Secondary ice production affects tropical convective clouds under different aerosol conditions

Abstract. Secondary ice production (SIP) modulates tropical convection, but its interactions with aerosol loading remain uncertain. Using the UK Met Office Unified Model with detailed SIP parameterizations, this study investigates how multiple SIP mechanisms affect a Hector storm under weak instability and varying cloud condensation nuclei (CCN) concentrations. At moderate aerosol loading (N_d = 400 cm^–3), SIP substantially enhances the ice phase. Ice number increases by over 3 orders of magnitude at temperatures warmer than –10 ℃, and ice water content rises by up to ~120 % in the anvil. SIP also reduces outgoing longwave radiation (OLR) by 6.8 W m^–2 (–2.5 %), increases outgoing shortwave radiation (OSR) by 7.9 W m^–2 (+2 %), over a 110 km × 110 km region in 6 hours. For this case, precipitation becomes more organized near the convective core, with total accumulation increasing by ~25 %. Under polluted (N_d = 800 cm^–3) and clean (N_d = 200 cm^–3) conditions, SIP effects are weaker or spatially fragmented, indicating non-linear aerosol dependence.

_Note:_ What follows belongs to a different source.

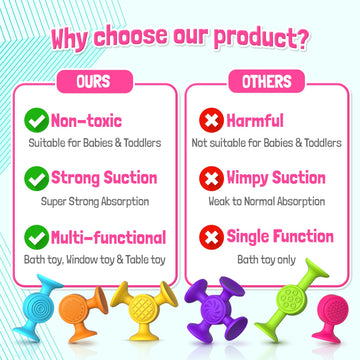 Toddlers Suction Cup Bath Toys: 12 Pcs Sensory Suction Bath Toys For Toddler, Kids Suction Fidget Toys Suction Cup Toys For Windows Travel Gifts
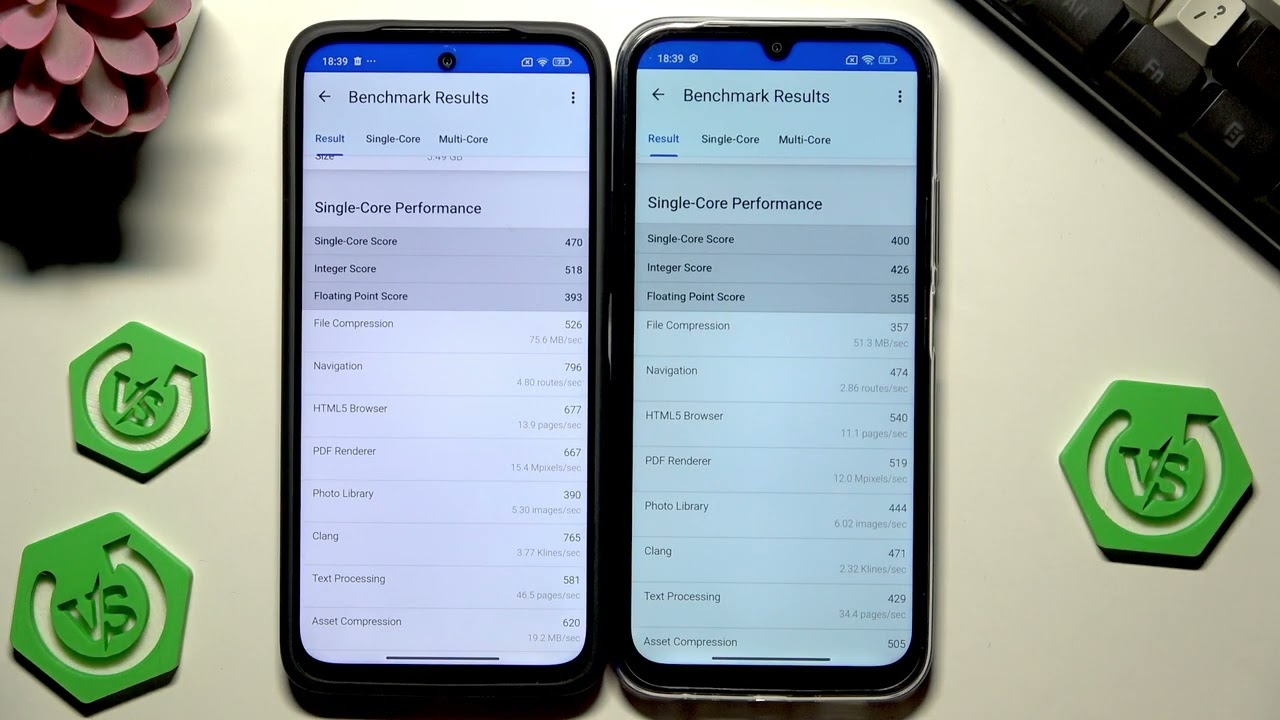 REDMI 15C 4G Benchmark Test &ndash; REDMI 15C vs REDMI 15 Performance Comparison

Sensitivity experiments show that, when combined with rime-splintering (RS), Mode 1 (droplet fragmentation during freezing) weakens at high CCN owing to reduced supercooled raindrop supply in the mixed-phase layer, while Mode 2 (drop–ice collisions with splashing) is inhibited at low CCN due to less encounters with large rimed ice particles. In contrast, RS and its combination with ice–ice collisional breakup show relatively limited aerosol sensitivity in this case.